Day 1: What is Fall?
First we talked about Fall also being called Autumn, and then why we call it Fall (because the leaves fall off the trees). We talked about ways you can tell it's fall: cooler weather, leaves falling, birds flying south, animals gathering food, etc.
We read the book I Know It's Autumn.
And then sang the song It's Autumn Time.
Then read the book Fall Is Not Easy.
I also wanted to read the book Count Down to Fall, but it didn't come in in time.
Then it was science experiment time. We had a collection of acorns, and I had him sort them into piles of caps and no caps. We had a little worksheet from our science book that he marked them on and drew how many in each group. Then we put them in water to see how many would sink or float and marked and drew them on the worksheet too. You're also supposed to plant them afterwards, but I didn't think my parents would want random tree sprouts in their front yard.
And then time for failed art projects! The idea is to melt fall-colored crayon shavings between two pieces of wax paper and then cut leaf shapes out of it. Like so. But come to find out that different brands of crayons have different melting points, some which appear to be above the boiling point. So we ended up with lumpy, not very well stuck together wax paper with crayon bits inside. I salvaged what I could from it and cut out some leaves to hang in the window.

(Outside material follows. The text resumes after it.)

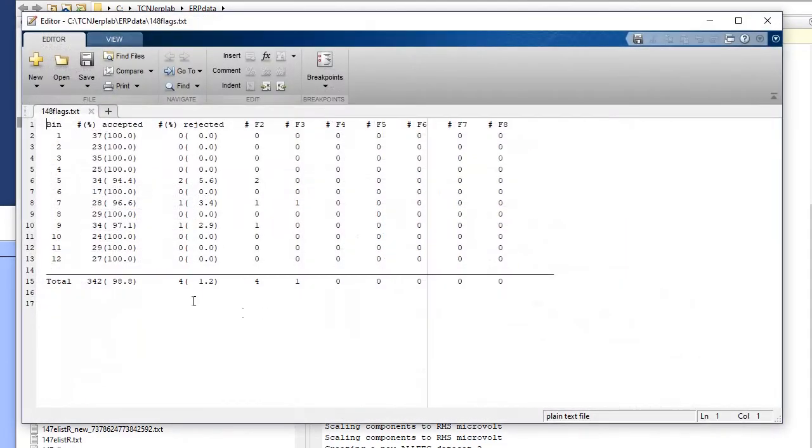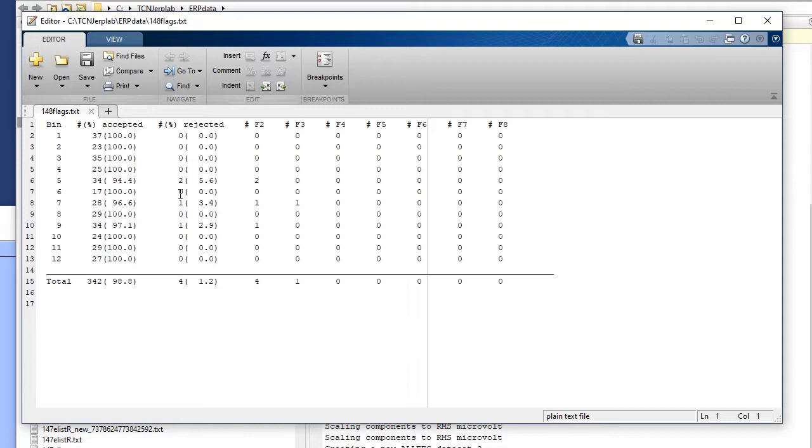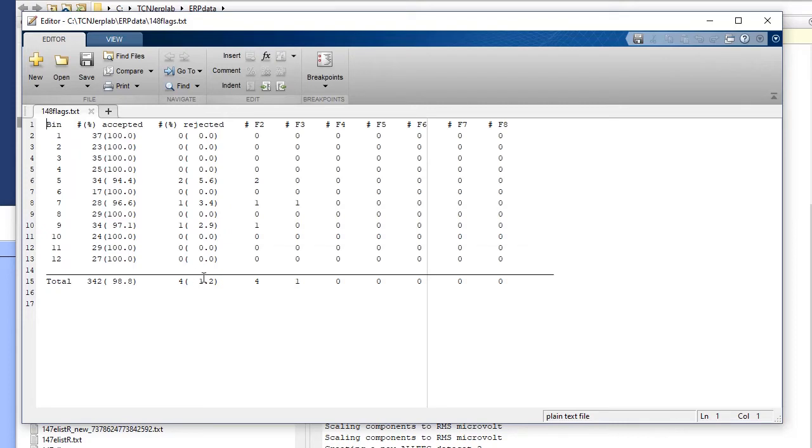We usually call it subject number and then flags.txt. And so let me open this one up. You can see in this particular case, we had 37 trials, which was 100% of the trials that were available. None were rejected in this column. And overall only four trials were rejected, four out of 346 trials were rejected. So very low percentage were artifact trials.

(Do you like our lovely cement window-well view?)
But this really ended up being a mom project that Alex just watched. If it had gone well I would probably have let him trace the leaves and cut them out, but there were too many crayon bits going everywhere. Oh well.
We were also going to go on a fall walk to gather leaves for our next day of school, but the weather outside was frightful, so we scratched that. That is why I always plan more than I think I'll need because something always goes wrong!
Day 2: Trees and Leaves
We started today with the book Fletcher and The Falling Leaves.
Then we sang "The leaves on the trees turn orange and brown," to the tune of "The Wheels on the Bus." The other verses are "The leaves on the trees come tumbling down," and "The leaves on the ground go swish, swish, swish, all through the Fall."
While I was walking this morning I gathered up a big pile of fall leaves off the ground. I tried to get as many different kinds and colors as I could because our next activity was leaf sorting. I cut out four different colored leaves out of construction paper - red, yellow, green, and orange (though brown would have been better, I didn't have that color) - and four different shapes - smooth edged, toothed, lobed, and toothed and lobed together (like a maple leaf). I put the shapes below a whiteboard and we sorted and counted by color first.
We used tally marks so he could learn a new way of counting.
Then we sorted them by shape.
This activity actually spanned over the morning and then after lunch because someone had a breakdown during the middle of it all, and it wasn't me.
Then we took a closer look at one of the leaves to see its veins. We talked about what they were for and how they bring food to the leaf.
Then to better learn the parts of a leaf we made a leaf book (pattern from our science book). It's made with a pocket in the back and see-through pages in the middle. You trace a different part of the leaf on each page so that as you turn the pages each part shows up and is labeled and at the end the whole leaf is put together. Then you keep the real leaf that you traced in the pocket in the back. It's kind of hard to explain, but here's some pictures:
Then we read the book Leaf Man.
This book is full of beautiful pictures all made from leaves.
We waited for Ella to come home so the kids could make their own leaf men together. Alex didn't want to glue anything down so he could try all different combinations, but Ella got right down to business. Here's hers:
(On the day in between school days I gave Alex this fall color by number to do.)
Day 3: What Do Animals and People Do In The Fall?
I'm going to rearrange the order of things we did when telling it here on the blog because after we'd finished our school for the day I wish I had done things in a slightly different order. So this is how our day would have looked if perfect:
We started by looking at pictures of bears, squirrels, birds, and rabbits and talking about the different things they do to get ready for winter (eat a lot, hoard food, fly south, change fur color, etc.). Then we talked about the different things people do to get ready for winter (harvest crops, clean out gardens, get out winter clothes, rake leaves, etc.)
Then in my imaginary perfect world we read the book It's Fall!
This book does a great job of cover all the things everyone, both animal and human, do in the fall. And the pictures are all cut paper and look pretty cool.
Then we read the book Leaves.
It kind of had a similar idea of the book above, Fletcher and the Falling Leaves, where an animal is confused when the leaves start falling from the trees, but this one describes the bear finding a den and hibernating, so I went with it anyways.
Next we talked about what might happen if you didn't prepare for the winter, and we followed that up by reading The Ant and The Grasshopper.
It's based on an Aesop fable, but it's been redone and set in China. We found China on the map before reading it, and afterwards talked about what happened to the grasshopper after the story ends, since it ends kind of abruptly before you really witness the consequences of not preparing (aka, he dies).
Then we finished up by doing a migration maze. I just found a freebie maze online and added some geese up top and the compass points at the bottom. Here it is if you'd like it:
And that finished our day and our week. It was kind of a quickie school day, but by Friday those are the kind I need. Have a great weekend!